On Tuesday, there was a press conference for a PBS show called ''Pioneers of Primetime.'' It airs in November, and seems ripe for pledge breaks, but that's another story.
To promote the show, PBS had a press conference that included Mickey Rooney, Rose Marie, Sid Caesar, Carl Reiner, Red Buttons and longtime director William Asher. Combined age: About 500. Every one of them is over 80. Rose Marie and Asher arrived in wheelchairs, and a frail-looking Caesar carried a cane.

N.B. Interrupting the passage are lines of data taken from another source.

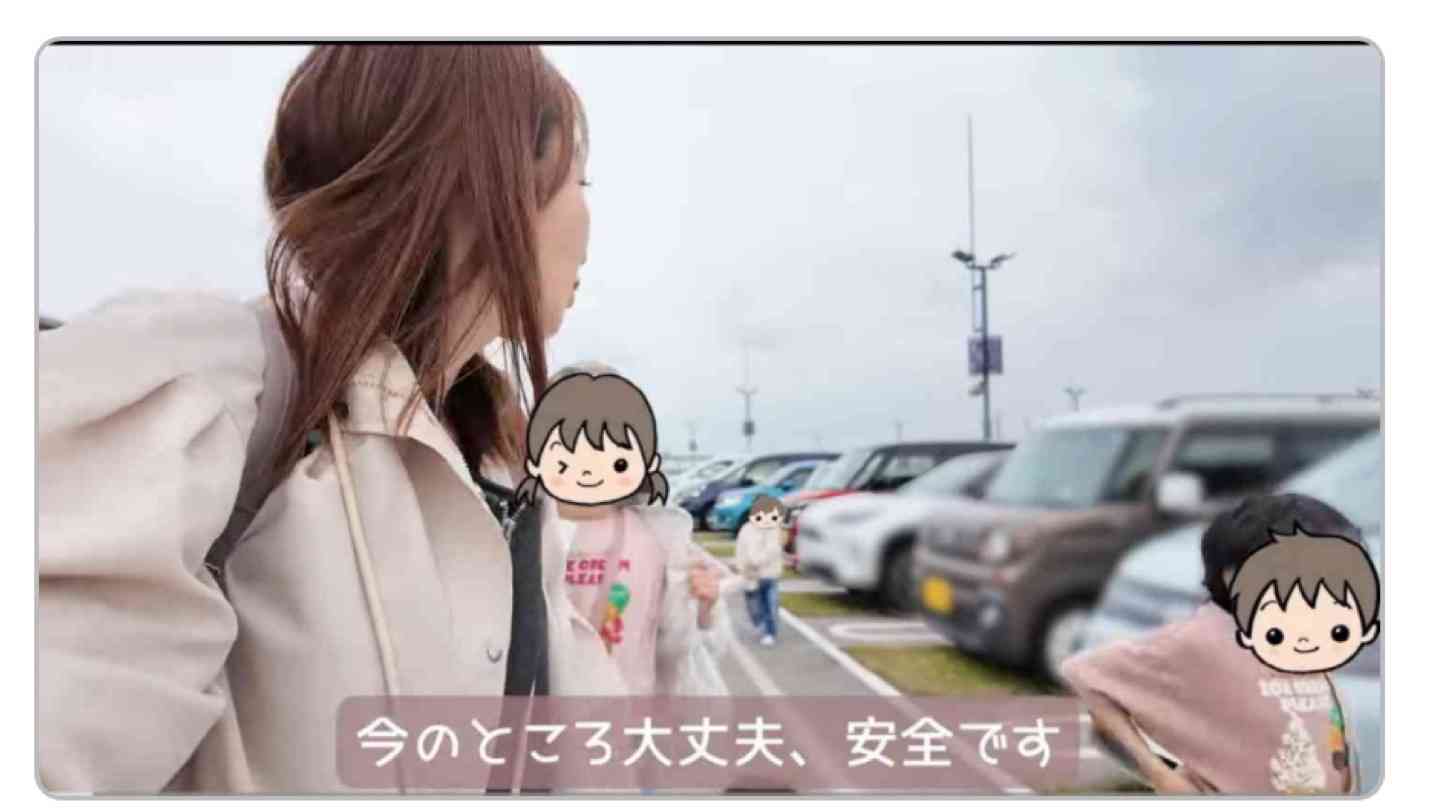 (余計なお世話だが)人を見ていて大丈夫なのかと思うと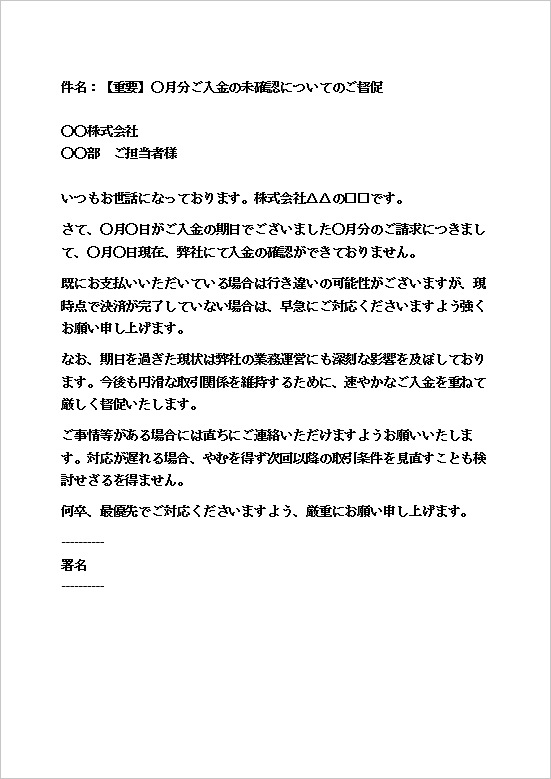 迅速な連絡用メール形式の支払い督促状テンプレート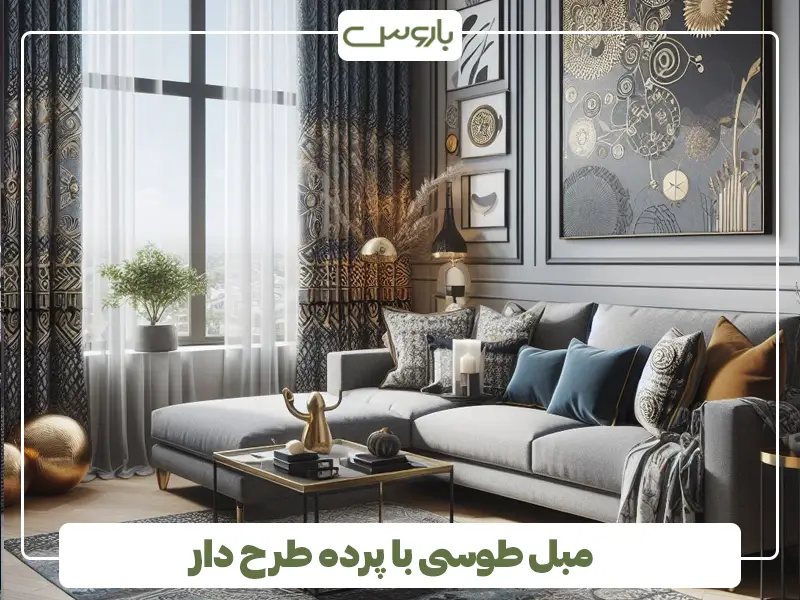 مبل طوسی با پرده طرح دار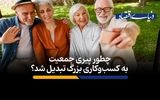چطور پیری جمعیت به کسب‌وکاری بزرگ تبدیل شد؟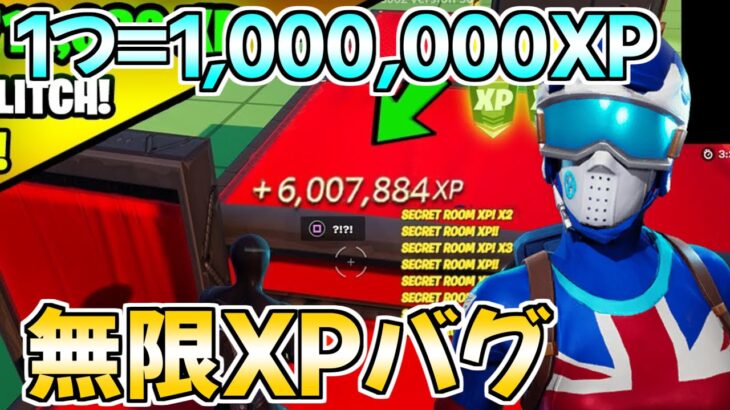 【無限XPバグ3選】87万XP稼げる最新無限XPバグのやり方!!!!【フォートナイト/Fortnite】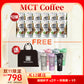 Ratusan MCT Coffee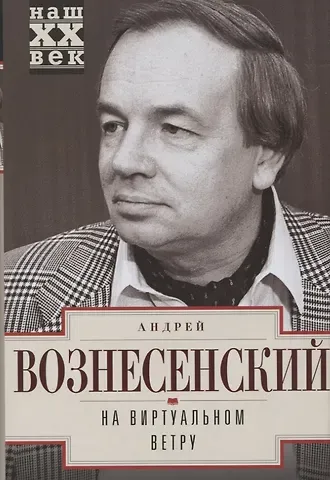Андрей Андреевич Вознесенский На виртуальном ветру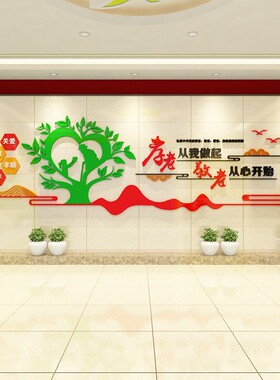 养老院文化墙贴宣传栏孝老敬老院老年疗养中心背景墙面贴纸3d装饰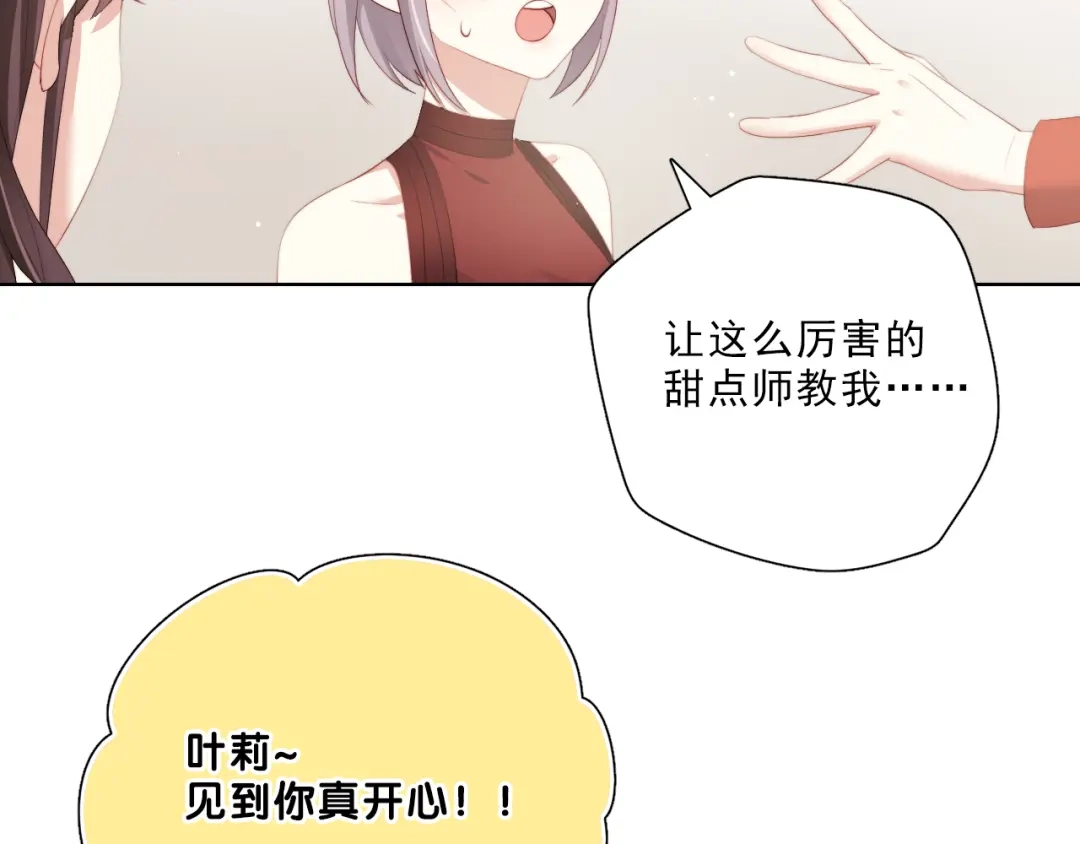 《与爱有关》第47话 追逐梦想 第58页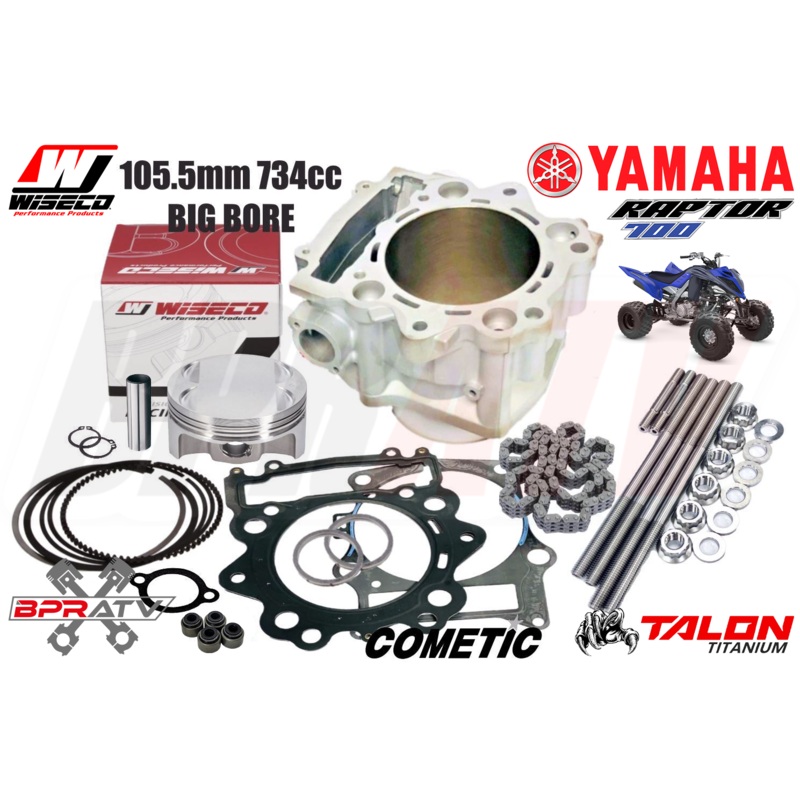 Raptor 700 700R Big Bore Kit 105.5mm Cylinder 734cc Complete Top End Rebuild Kit
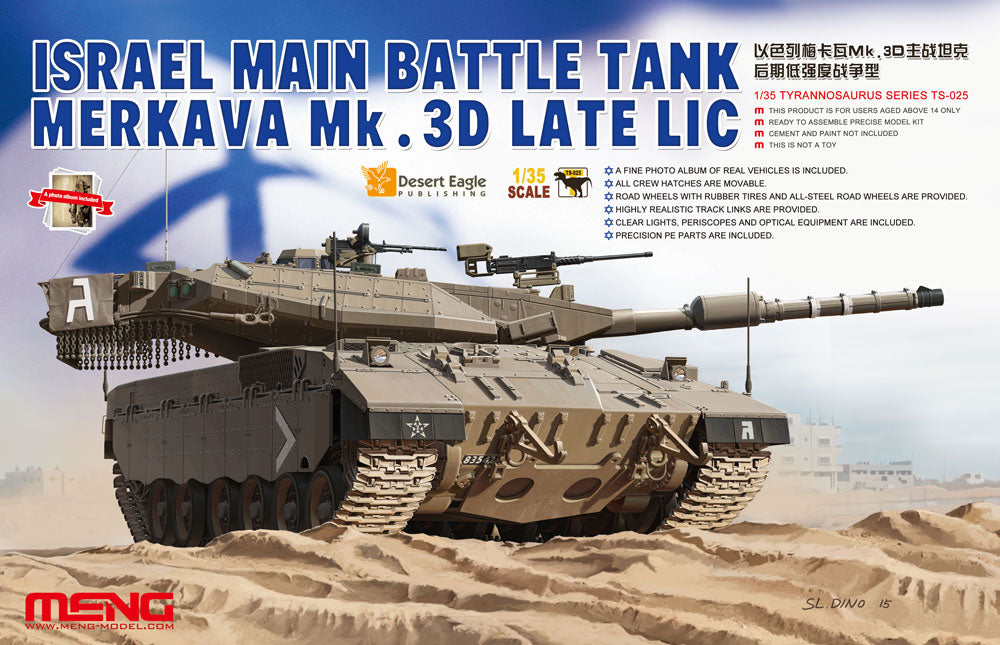 1/35 Israel Main Battle Tank Merkava Mk.3D Late LIC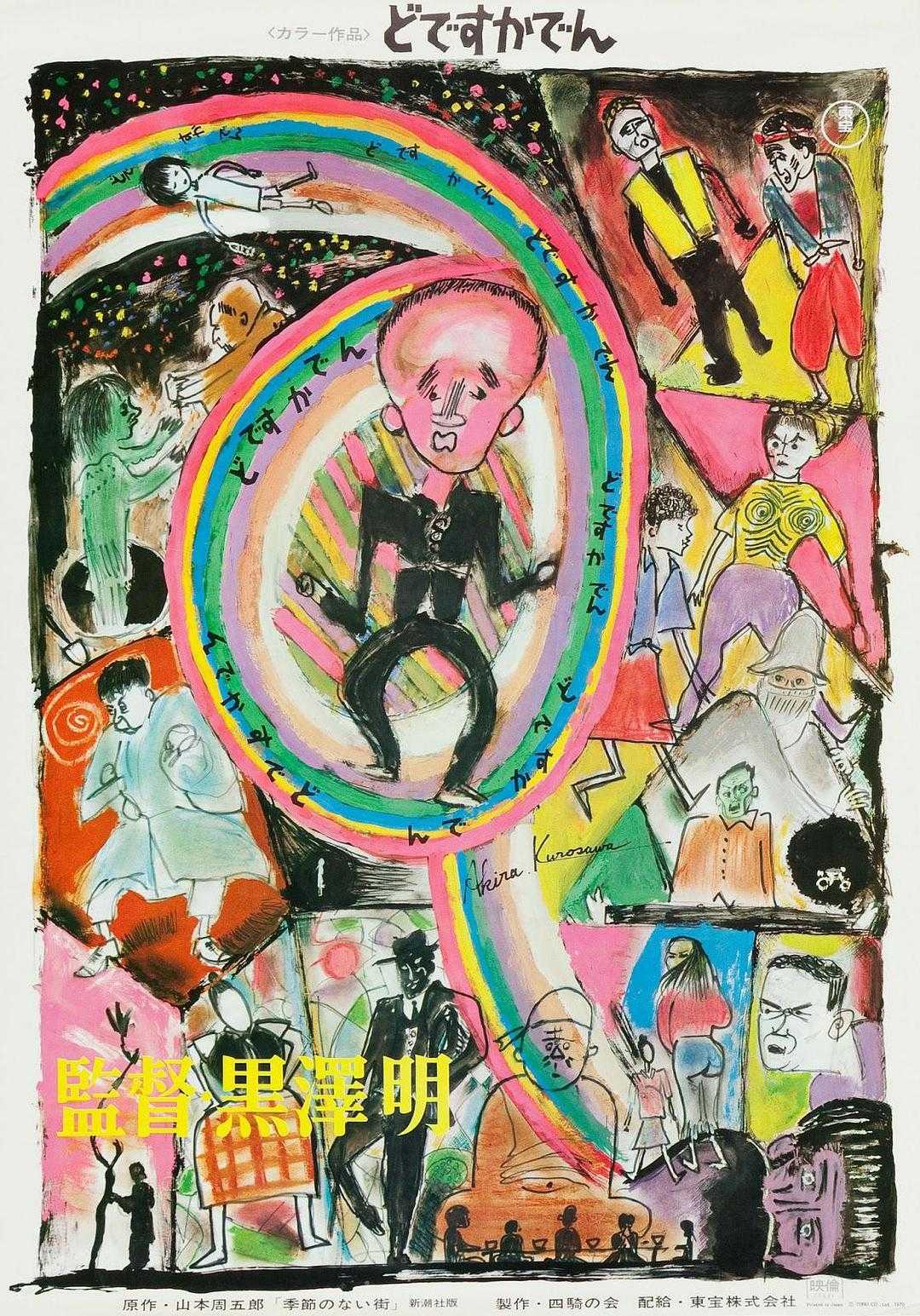 《电车狂》百度云网盘下载[MP4/mkv]蓝光[BD720P/HD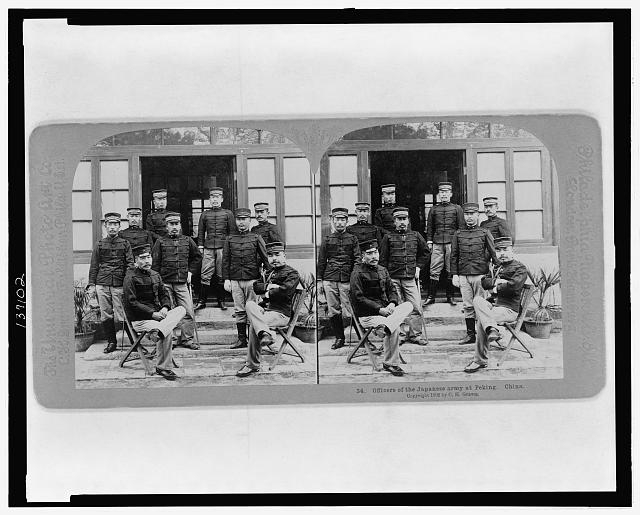 Officers of the Japanese army at Peking, China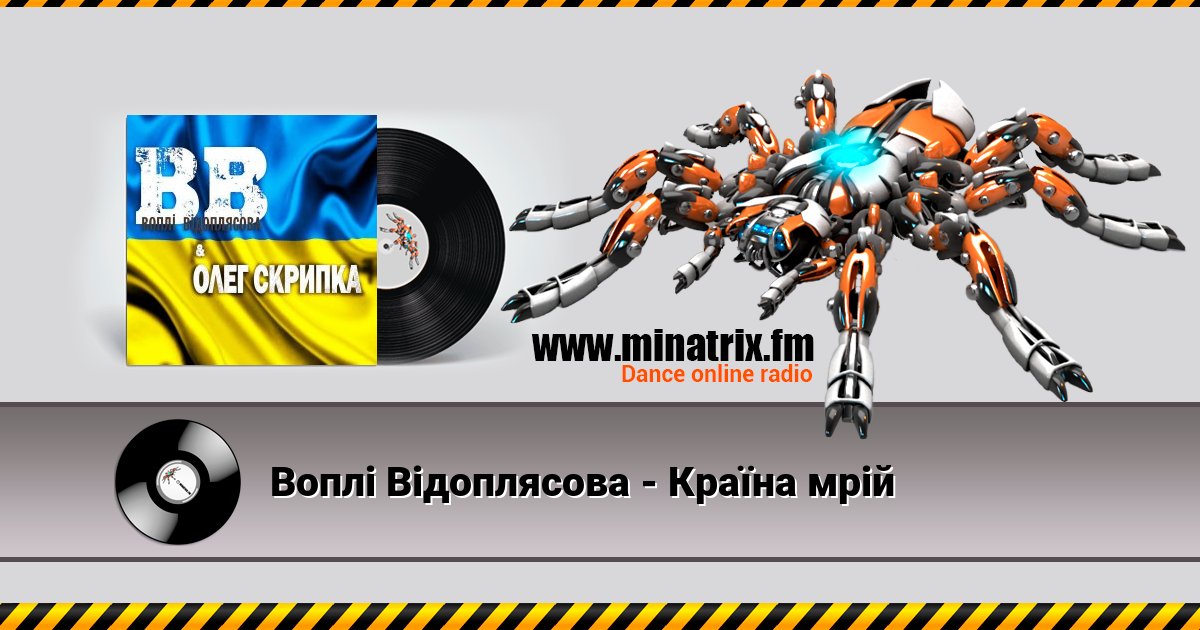 Воплi Вiдоплясова - Країна мрій Listen online and download MP3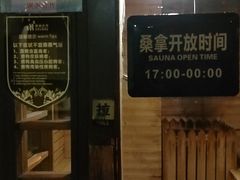 -海纳百川(义乌店)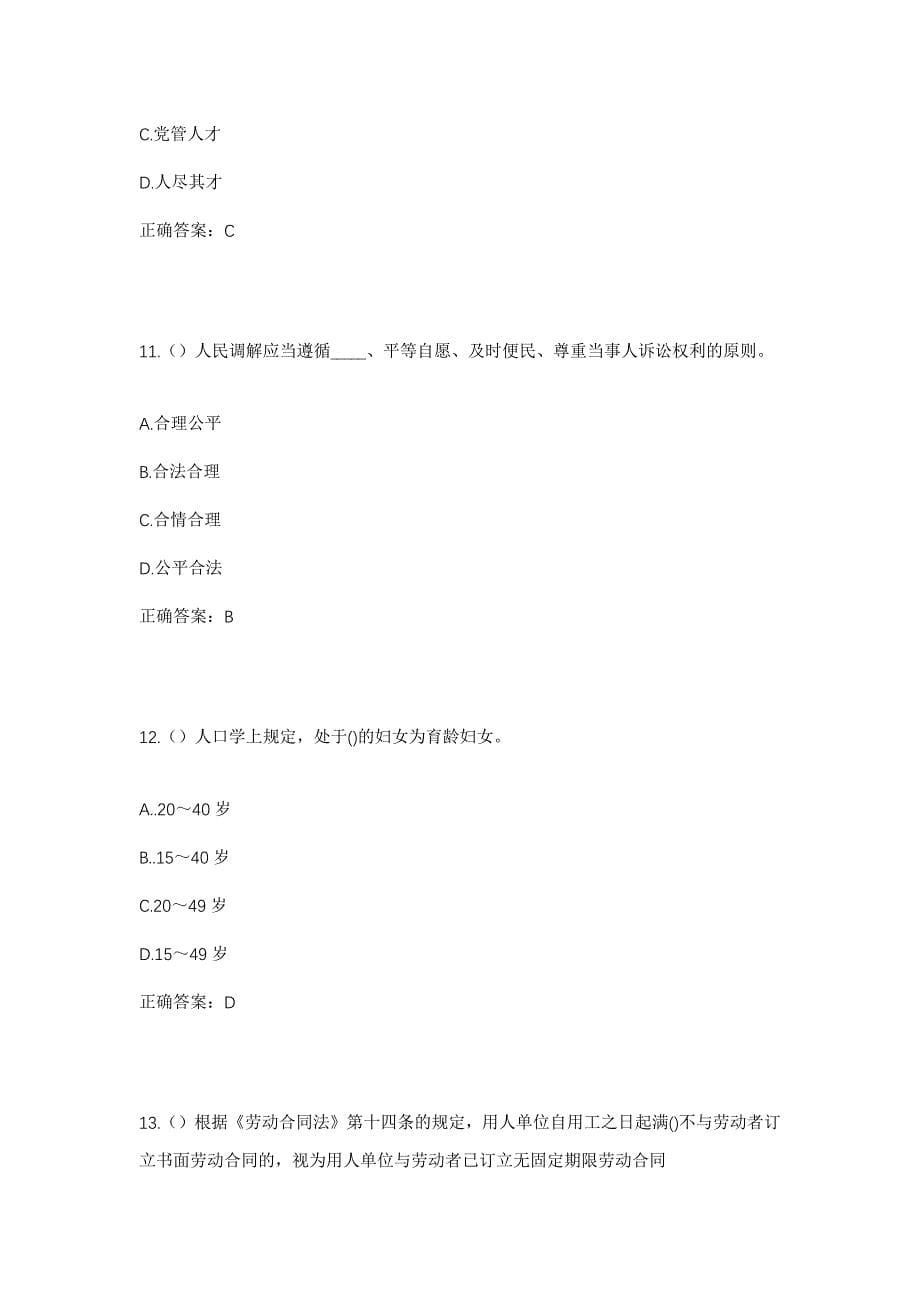 2023年重庆市城口县蓼子乡新开村社区工作人员考试模拟题及答案_第5页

Now, Rooney was an enormously talented actor. But he also loves to talk about himself, even when he is not the subject being discussed. Years ago, I saw him turn a press conference into a pitch session for himself and for projects he would like to do. On Tuesday -- with his wife loudly applauding almost every time he spoke -- Rooney pontificated, reminisced and generally tried to steal the show from the other show-biz veterans.
At one point, when a reporter asked about Milton Berle and Fred Allen, Rooney said, ''Can I answer that?''
"I would be amazed if you didn't,'' a weary Reiner interjected.
Which brings me to Red Buttons. At 86, Buttons was the oldest person onstage. He was also the funniest and the most entertaining. He not only imitated James Cagney, he stood up and imitated Cagney dancing like George M. Cohan. And, as a smart performer, he read the room -- and quickly sensed the impatience with Rooney.
He began needling Rooney for laughs, with Reiner joining in. A lot of the lines have a you-had-to-be-there quality on the page, and they don't include Buttons' facial expressions. But it was astounding, as well as mean. When Rooney introduced his wife from the stage, Buttons said, ''Introduce your mistress, too.''
Some of Buttons's jokes were ancient. (Recalling wartime service with Rooney, Buttons said, ''One day, he saved our entire outfit. He killed a cook.'') But he did not really need Rooney as a foil. He also had jokes about his days in burlesque (''I was the youngest comedian in the history of burlesque. ... I billed myself as the only comedian with teeth.'') and other topics.
Most importantly, he had a sense of what worked at that press conference, with that crowd. Didn't matter if the jokes wouldn't work on the printed page, or even in the retelling by someone without Buttons's timing. That wasn't where Buttons was playing. He was working the room. And he knew how to work it.